Background: Phosphorylated-tau (p-tau) biomarkers are typically specific for Alzheimer's disease (AD) and are less elevated in the cerebrospinal fluid (CSF) of frontotemporal lobar degeneration (FTLD) type tau (FTLD-tau). FTLD is a pathologically and clinically heterogenous neurodegenerative disorder, and we currently lack biomarkers to differentiate the two major pathological subtypes 1) FTLD-tau, where pathological tau aggregation is observed or 2) FTLD-TDP, where TAR-DNA binding protein 43 (TDP-43) is linked with the disease development and progression. Because FTD clinical phenotype does not predict pathology, biomarkers sensitive to FTLD-tau are needed to provide a biological diagnosis in life. In this study, we test CSF p-tau212 in patients with autopsy- or mutation-confirmed FTLD-tau and FTLD-TDP without AD pathology; clinically healthy individuals without cognitive impairment and autopsy-confirmed Lewy body disease with alpha-synuclein (αSyn) were included as reference groups.

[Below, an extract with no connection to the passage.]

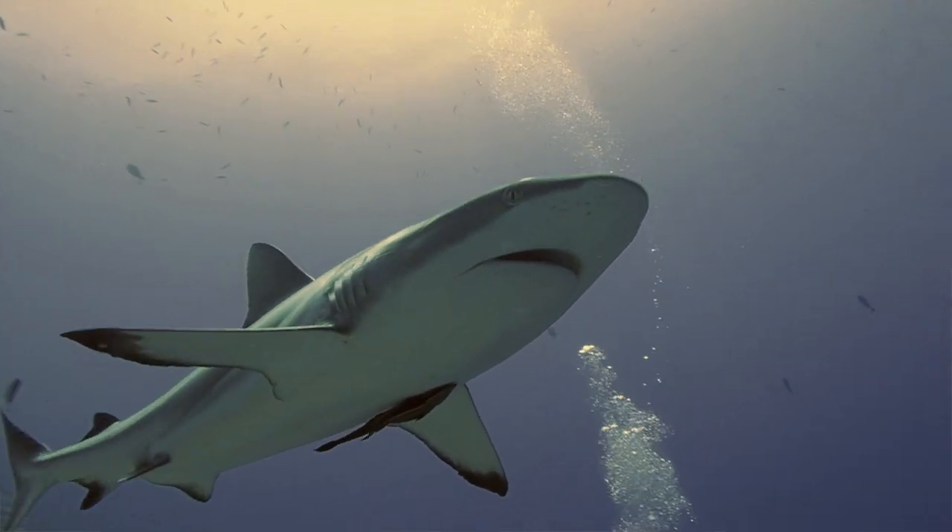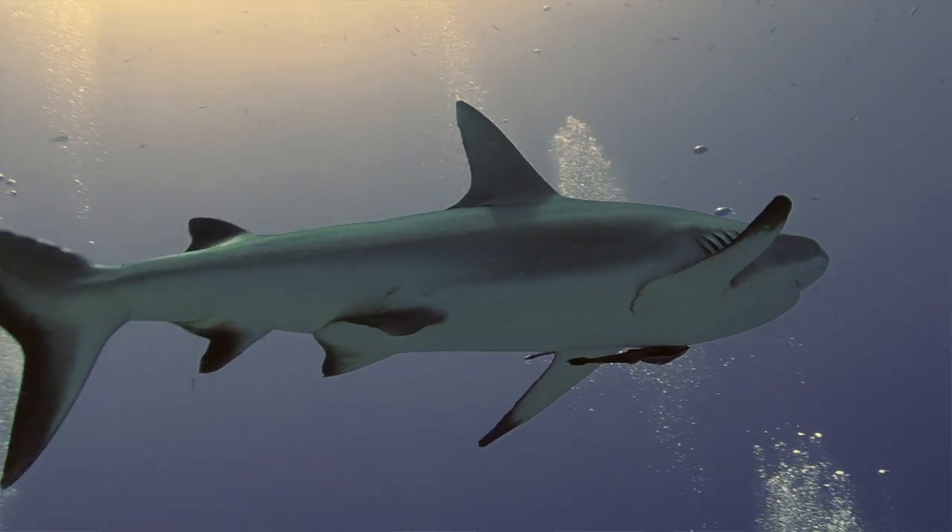I just want to be clear — this is not a camouflage suit. This does not make you invisible to sharks or fish. It is just designed to reduce the electromagnetic output of your body that sharks would pick up on. It doesn't take away any natural smells that your body produces, which sharks and fish can also sense in the water.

Method: Autopsies were performed at the University of Pennsylvania in the Center for Neurodegenerative Disease Research. Definite diagnosis was based on autopsy results or determined genetically. Using SIMOA technology, we tested p-tau212 in 51 healthy controls, 33 FTLD-Tau, 36 FTLD-TDP and 13 αSyn (Figure 1). For further analysis we excluded individuals with evidence of AD pathology: intermediate/high AD neuropathologic change (ADNC), Thal phase ≥2, or CSF β-amyloid 1-42 ≤192. Wilcoxon test was used to compare groups. In brain regions sampled at autopsy, pathological tau burden was rated using a semi-quantitative 5-point scale; Spearman correlations tested associations between p-tau212 and tau burden by region.

Result: CSF p-tau212 was significantly increased in FTLD-Tau when compared to healthy controls, people with FTLD-TDP and people with αSyn pathology (Figure 2). Results remained significant when people with evidence of AD pathology were excluded. P-tau212 measurements strongly correlated with tau burden across multiple brain regions (Figure 3). Average correlation was r=0.57, p<0.0001.

Conclusion: CSF p-tau212 is strong candidate biomarker to differentiate FTLD-tau from FTLD-TDP and αSyn.